SELECT branch_code, branch_surrogate_code FROM branch_pointer WHERE branch_code = '? '
UNION ALL 
SELECT office_code, office_surrogate_code FROM office_pointer WHERE office_code = '?';

There are two parameter markers in this query; have you provided two key values to it from your job?

Alethesnake · Post by **Alethesnake** » Fri Jan 25, 2008 4:02 am

The errors I get from the statements I posted are:

SQLSTATE=S0002, DBMS.CODE=950390
[DataStage][SQL Client][UNIVERSE]DataStage/SQL: Table "(" does not exist.

SQLSTATE=S1000, DBMS.CODE=950125
[DataStage][SQL Client][UNIVERSE]DataStage/SQL: QUESTIONMARK not supported in TCL.

This second one puzzles me because if I write only:

Code: Select all

SELECT office_code, office_surrogate_code FROM office_pointer WHERE office_code = ?;

It runs well.
The query in the primary input (with the union) runs well, I can view the data from the two hashed files correctly united. The problem is only in the query for reference, when I specify the where condition..
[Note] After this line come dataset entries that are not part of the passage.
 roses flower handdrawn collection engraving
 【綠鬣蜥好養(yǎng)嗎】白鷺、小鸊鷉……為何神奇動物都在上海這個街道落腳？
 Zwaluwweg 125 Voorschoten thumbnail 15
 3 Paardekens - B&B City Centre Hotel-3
WoMaWil · Post by **WoMaWil** » Fri Jan 25, 2008 4:46 am

Try

Code: Select all

SELECT code, surrogate_code FROM 
( 
SELECT branch_code AS code, max(branch_surrogate_code) AS surrogate_code FROM branch_pointer 
UNION ALL 
SELECT office_code AS code, max(office_surrogate_code) AS surrogate_code FROM office_pointer 
) AS T 
WHERE code = ?;

Alethesnake · Post by **Alethesnake** » Fri Jan 25, 2008 6:24 am

WoMaWil wrote:Try

Code: Select all

SELECT code, surrogate_code FROM 
( 
SELECT branch_code AS code, max(branch_surrogate_code) AS surrogate_code FROM branch_pointer 
UNION ALL 
SELECT office_code AS code, max(office_surrogate_code) AS surrogate_code FROM office_pointer 
) AS T 
WHERE code = ?;

I get the same error (Table "(" does not exist.)
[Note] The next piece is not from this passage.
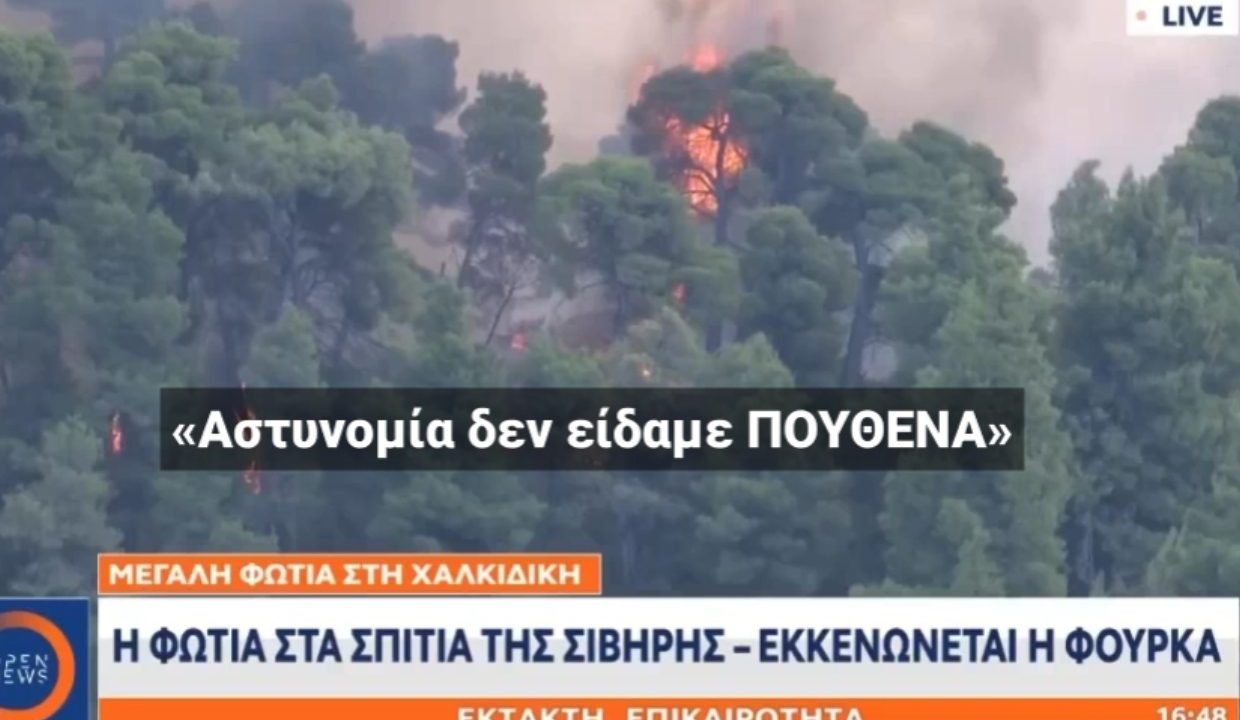 Χαλκιδική: Το 112 λειτούργησε, αλλά όχι ο κρατικός μηχανισμός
WoMaWil · Post by **WoMaWil** » Fri Jan 25, 2008 6:58 am

Then it seams that subqueries are not supported. So transfer your source-Data into one new HashFile and use this new file as Lookup.
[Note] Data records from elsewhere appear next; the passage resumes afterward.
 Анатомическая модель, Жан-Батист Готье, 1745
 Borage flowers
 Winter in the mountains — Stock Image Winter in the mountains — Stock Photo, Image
chulett · Post by **chulett** » Fri Jan 25, 2008 7:51 am

Alethesnake wrote:This second one puzzles me because if I write only:
Code: Select all
SELECT office_code, office_surrogate_code FROM office_pointer WHERE office_code = ?; 
It runs well.

When you have two question marks, do you have two columns marked as Key fields as well?

Alethesnake · Post by **Alethesnake** » Fri Jan 25, 2008 8:33 am

Yes, I do.
I build my statement as follow.

Output Columns:
- OFFICE_CODE , key, not null, integer
- BRANCH_CODE , key, not null, integer
- OFFICE_BRANCH_SURR_CODE, not null, integer

And the reference sql statement is:

Code: Select all

SELECT office_code, NULL as tempField, office_surrogate_code FROM office_pointer WHERE (office_code = ?)
UNION ALL
SELECT branch_code, NULL as tempField, branch_surrogate_code FROM branch_pointer WHERE (branch_code = ?);

@WoMaWil: I can solve also by performing a double lookup in the same transformer without the creation of a new hashed file but I'd like to understand why the union as primary sql runs well and as reference no.